== Segment start ==

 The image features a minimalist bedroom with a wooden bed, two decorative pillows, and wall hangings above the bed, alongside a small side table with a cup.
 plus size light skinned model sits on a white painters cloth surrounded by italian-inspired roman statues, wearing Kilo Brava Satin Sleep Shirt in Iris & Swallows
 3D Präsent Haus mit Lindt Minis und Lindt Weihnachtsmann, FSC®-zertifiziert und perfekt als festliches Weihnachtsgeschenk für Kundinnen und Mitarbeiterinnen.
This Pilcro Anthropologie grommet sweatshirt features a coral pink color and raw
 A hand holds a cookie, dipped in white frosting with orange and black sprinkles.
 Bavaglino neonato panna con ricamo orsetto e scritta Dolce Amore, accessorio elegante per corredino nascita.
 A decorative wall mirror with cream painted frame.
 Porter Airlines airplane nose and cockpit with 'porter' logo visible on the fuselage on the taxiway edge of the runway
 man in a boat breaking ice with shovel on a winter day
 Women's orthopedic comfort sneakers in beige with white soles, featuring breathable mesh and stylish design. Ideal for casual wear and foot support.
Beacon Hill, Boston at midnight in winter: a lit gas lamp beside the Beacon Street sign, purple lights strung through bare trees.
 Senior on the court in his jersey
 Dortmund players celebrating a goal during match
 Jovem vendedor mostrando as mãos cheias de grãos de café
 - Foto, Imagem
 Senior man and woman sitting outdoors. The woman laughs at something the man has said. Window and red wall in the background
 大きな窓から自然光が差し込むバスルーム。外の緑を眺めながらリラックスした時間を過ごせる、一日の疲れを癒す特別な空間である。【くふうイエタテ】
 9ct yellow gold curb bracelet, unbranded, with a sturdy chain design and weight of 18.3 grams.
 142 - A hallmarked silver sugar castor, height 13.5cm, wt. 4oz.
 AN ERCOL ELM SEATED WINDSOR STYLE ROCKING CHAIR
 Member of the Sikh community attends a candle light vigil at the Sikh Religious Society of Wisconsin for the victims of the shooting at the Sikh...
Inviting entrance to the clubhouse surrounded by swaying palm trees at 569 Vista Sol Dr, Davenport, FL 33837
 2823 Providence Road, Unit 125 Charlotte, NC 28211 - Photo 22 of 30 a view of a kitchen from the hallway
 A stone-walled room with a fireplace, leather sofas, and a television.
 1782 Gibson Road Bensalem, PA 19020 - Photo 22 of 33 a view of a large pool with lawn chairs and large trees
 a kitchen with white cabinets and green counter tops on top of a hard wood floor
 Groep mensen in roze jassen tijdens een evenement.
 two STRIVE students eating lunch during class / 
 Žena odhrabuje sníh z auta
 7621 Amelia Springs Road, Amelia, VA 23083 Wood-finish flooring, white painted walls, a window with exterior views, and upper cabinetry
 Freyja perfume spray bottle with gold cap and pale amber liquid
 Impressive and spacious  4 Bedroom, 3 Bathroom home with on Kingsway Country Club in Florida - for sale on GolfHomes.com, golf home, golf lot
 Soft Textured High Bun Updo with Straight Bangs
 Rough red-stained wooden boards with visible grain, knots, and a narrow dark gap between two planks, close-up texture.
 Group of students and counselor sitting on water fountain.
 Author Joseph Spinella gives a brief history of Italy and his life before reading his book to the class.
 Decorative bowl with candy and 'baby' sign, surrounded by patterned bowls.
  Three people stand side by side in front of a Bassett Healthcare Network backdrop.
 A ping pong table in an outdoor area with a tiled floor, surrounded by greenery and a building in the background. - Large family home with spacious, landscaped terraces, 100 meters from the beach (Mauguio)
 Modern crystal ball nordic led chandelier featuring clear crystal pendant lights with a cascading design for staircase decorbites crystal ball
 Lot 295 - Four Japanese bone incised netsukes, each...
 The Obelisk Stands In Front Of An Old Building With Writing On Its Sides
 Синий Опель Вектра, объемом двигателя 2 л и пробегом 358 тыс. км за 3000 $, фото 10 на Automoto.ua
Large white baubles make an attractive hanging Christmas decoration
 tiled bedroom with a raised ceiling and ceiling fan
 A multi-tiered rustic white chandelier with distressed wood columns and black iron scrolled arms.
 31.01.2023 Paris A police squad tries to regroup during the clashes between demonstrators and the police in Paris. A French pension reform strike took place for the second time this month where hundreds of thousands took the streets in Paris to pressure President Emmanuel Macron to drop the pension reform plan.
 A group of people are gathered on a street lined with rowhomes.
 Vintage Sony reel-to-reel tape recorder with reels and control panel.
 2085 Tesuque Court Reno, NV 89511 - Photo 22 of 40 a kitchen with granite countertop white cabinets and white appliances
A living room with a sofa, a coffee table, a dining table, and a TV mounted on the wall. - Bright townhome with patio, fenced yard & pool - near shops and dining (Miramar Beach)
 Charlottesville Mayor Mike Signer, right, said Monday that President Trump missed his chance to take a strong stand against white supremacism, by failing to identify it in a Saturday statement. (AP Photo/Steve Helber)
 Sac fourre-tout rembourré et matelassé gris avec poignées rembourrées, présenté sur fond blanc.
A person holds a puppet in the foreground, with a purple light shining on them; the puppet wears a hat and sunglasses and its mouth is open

== Segment end ==

» **Work instruction**
Repeat the entries above verbatim, but only from the line that has "Charlottesville Mayor Mike" down to the line that has "Sac fourre-tout rembourré", inclusive.

» **Your response**
 Charlottesville Mayor Mike Signer, right, said Monday that President Trump missed his chance to take a strong stand against white supremacism, by failing to identify it in a Saturday statement. (AP Photo/Steve Helber)
 Sac fourre-tout rembourré et matelassé gris avec poignées rembourrées, présenté sur fond blanc.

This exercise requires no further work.